Einige Jahre später wurde in der Tschechoslowakei das Gerücht gestreut, Dietze sei aus Rache von ehemaligen Gestapoleuten ermordet worden. Pachman hatte jedoch den Verdacht, dass Dietze stattdessen vom tschechischen Geheimdienst Stb ermordet wurde, weil er zuviel über die Kollaboration von Funktionären der Kommunistischen Tschechoslowakischen Partie KSC mit der Gestapo gewusst hätte. So soll laut Pachman, der sich auf einen informellen Hinweis von Dietze beruft, der hochgejubelte kommunistische Held Julius Fucik eine zeitlang als Spitzel für die Gestapo tätig gewesen sein und sogar seine Freundin verraten haben. Fucik wurde 1943 in Plötzensee gehängt. Pachman fragte wegen der Todesumstände seines Freundes Max Dietze beim Bundeskriminalamt nach, erhielt aber die Auskunft, dieser sei eines natürlichen Todes gestorben. Dietze war 1953 offenbar an einem Herzschlag gestorben, kaum 50 Jahre alt. Er hatte noch bei der Frankfurter Bezirksmeisterschaft 1953-54 mitgespielt und lag nach acht Runden auf Platz zwei.

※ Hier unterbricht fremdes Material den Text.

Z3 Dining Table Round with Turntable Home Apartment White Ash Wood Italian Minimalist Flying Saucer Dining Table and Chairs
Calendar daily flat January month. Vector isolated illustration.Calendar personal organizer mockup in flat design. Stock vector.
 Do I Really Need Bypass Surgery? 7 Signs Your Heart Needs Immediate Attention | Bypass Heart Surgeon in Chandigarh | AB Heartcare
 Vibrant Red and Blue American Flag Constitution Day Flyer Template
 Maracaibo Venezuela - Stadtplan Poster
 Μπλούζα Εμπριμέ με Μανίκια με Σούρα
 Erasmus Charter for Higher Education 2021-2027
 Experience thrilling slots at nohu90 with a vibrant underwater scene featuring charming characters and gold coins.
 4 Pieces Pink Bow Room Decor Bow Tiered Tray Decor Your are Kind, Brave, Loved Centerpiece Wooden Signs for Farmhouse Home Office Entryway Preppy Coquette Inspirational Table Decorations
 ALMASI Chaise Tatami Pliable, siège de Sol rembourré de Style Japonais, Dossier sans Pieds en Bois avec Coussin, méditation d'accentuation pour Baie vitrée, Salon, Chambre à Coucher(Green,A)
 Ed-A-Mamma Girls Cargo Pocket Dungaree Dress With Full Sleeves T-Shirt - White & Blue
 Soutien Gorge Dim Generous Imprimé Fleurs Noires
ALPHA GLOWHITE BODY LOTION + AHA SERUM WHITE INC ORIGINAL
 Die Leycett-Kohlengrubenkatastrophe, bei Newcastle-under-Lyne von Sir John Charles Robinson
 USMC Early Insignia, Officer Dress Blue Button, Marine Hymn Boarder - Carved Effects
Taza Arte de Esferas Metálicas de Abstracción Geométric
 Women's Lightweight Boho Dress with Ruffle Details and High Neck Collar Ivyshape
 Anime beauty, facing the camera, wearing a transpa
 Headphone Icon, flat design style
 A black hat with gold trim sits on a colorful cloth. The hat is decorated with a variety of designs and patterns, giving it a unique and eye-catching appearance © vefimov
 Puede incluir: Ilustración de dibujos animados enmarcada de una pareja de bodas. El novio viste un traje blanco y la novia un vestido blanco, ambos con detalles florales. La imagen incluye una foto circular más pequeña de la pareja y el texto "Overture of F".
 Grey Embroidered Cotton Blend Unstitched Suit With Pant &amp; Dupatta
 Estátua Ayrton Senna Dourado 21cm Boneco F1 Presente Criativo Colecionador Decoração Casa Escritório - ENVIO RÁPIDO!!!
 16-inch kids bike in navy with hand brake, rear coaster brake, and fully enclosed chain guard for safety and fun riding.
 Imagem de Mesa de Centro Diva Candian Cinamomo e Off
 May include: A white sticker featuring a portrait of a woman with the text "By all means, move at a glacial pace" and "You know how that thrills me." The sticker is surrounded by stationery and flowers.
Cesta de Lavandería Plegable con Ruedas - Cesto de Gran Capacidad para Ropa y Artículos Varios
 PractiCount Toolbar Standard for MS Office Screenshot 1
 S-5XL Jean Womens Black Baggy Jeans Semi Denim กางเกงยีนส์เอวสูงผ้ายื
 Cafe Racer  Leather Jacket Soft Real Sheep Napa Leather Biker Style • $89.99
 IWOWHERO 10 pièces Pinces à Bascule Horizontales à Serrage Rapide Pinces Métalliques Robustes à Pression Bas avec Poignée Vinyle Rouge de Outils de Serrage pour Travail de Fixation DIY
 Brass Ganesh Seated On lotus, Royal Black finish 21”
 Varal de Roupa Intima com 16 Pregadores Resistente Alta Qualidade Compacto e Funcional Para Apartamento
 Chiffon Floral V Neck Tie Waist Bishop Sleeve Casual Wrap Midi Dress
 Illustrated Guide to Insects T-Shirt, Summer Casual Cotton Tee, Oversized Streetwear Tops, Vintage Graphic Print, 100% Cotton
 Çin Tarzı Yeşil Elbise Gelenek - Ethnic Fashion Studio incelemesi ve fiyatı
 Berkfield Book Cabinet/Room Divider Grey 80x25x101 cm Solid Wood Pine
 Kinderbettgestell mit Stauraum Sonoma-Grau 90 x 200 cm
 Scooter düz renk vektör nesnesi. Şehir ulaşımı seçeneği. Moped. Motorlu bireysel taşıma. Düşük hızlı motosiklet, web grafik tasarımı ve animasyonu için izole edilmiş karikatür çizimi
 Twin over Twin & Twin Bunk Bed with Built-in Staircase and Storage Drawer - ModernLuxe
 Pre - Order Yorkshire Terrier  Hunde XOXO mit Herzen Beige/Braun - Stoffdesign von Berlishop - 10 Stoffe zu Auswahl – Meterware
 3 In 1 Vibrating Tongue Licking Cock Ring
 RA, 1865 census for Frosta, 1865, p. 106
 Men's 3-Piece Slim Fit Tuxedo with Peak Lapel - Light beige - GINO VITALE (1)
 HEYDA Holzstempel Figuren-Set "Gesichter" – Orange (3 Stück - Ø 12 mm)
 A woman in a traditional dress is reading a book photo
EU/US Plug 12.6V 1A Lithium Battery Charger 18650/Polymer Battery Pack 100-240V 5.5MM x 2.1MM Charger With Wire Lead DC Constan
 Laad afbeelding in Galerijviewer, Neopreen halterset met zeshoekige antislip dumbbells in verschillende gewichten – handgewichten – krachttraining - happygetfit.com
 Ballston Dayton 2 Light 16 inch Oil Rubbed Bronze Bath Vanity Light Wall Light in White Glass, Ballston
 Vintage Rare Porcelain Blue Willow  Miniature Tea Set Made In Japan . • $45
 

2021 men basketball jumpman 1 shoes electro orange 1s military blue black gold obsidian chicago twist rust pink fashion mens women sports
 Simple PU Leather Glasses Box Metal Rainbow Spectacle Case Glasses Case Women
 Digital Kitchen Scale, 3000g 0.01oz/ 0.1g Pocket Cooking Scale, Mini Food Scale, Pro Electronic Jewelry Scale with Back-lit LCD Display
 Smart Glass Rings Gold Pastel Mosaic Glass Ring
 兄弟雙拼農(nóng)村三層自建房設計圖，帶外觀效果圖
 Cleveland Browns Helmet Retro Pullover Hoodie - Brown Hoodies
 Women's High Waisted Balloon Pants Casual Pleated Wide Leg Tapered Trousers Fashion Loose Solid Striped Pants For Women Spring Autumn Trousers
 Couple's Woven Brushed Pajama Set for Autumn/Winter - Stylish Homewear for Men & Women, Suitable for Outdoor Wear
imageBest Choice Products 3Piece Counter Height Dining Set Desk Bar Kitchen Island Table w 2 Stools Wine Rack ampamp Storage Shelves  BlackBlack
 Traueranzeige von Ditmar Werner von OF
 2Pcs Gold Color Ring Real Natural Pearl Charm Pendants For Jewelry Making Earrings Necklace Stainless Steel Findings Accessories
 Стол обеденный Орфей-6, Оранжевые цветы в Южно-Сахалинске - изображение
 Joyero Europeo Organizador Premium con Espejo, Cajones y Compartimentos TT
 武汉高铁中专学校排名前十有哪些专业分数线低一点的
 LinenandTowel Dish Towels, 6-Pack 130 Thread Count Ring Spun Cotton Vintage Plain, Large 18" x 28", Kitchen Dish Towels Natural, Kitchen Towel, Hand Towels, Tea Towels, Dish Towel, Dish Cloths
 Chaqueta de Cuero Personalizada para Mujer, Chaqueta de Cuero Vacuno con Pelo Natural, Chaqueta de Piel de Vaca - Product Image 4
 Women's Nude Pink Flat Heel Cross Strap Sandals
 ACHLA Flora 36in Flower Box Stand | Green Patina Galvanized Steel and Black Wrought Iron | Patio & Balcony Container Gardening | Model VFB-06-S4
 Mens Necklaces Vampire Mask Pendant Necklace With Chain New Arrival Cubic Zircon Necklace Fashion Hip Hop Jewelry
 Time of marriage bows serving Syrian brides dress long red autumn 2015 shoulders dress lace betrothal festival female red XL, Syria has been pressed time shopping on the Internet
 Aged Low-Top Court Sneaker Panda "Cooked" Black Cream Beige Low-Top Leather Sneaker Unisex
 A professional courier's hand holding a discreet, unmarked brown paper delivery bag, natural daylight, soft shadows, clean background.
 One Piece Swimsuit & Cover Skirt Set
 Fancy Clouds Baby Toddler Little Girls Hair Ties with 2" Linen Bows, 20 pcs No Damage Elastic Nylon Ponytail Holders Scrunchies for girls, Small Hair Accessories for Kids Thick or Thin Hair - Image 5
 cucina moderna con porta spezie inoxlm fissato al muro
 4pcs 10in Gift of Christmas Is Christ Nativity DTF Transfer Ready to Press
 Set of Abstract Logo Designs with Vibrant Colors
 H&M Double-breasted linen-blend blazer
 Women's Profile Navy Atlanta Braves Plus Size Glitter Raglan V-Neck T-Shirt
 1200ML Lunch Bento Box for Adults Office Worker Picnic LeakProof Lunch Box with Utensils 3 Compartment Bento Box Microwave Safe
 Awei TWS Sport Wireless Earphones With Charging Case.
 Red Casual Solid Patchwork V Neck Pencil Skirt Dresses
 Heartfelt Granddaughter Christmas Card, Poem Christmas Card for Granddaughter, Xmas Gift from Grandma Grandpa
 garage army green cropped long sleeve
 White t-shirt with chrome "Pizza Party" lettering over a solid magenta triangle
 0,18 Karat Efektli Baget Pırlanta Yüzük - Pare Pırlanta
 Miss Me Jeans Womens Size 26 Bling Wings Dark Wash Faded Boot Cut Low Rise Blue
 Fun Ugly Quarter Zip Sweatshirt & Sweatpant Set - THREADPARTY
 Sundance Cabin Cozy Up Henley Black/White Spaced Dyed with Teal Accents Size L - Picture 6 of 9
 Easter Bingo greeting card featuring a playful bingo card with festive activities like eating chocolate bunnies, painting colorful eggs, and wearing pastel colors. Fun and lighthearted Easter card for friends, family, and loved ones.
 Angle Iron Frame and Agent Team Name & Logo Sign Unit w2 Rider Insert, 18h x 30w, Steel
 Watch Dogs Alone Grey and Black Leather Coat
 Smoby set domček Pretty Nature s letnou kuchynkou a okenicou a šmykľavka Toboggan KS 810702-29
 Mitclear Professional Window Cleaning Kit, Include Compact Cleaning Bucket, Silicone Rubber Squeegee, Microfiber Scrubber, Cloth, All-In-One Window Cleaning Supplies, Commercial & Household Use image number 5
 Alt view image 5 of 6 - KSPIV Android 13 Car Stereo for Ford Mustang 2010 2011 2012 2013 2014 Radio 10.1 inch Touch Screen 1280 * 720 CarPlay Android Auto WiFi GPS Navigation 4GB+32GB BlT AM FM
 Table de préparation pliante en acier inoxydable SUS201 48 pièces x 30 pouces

"Die Frankfurter Schachgemeinde betrauert den Tod von Max Dietze, der nach der 8. Runde, als er an zweiter Stelle lag, unerwartet durch einen Herzschlag aus dem Leben schied. Er war vor dem Kriege einer der stärksten Spieler der Tschechoslowakei." (Schachecho Nr. 10, 20.Mai 1954).
Der Frankfurter Schachhistoriker Dieter Post hat sich im Rahmen seiner Arbeiten über die Geschichte des Schachs in Frankfurt intensiver mit Max Dietze beschäftigt. Einige seiner Entdeckungen sind in den Artikel "Kampf um die lokale Krone - Die Frankfurter Stadtmeisterschaft" in Karl 2/2018 eingeflossen. Die meisten anderen Angaben stammen aus Pachmans Büchlein "Zug um Zug". Ohne Pachman wüsste man nur wenig über Max Dietzes Verdienste.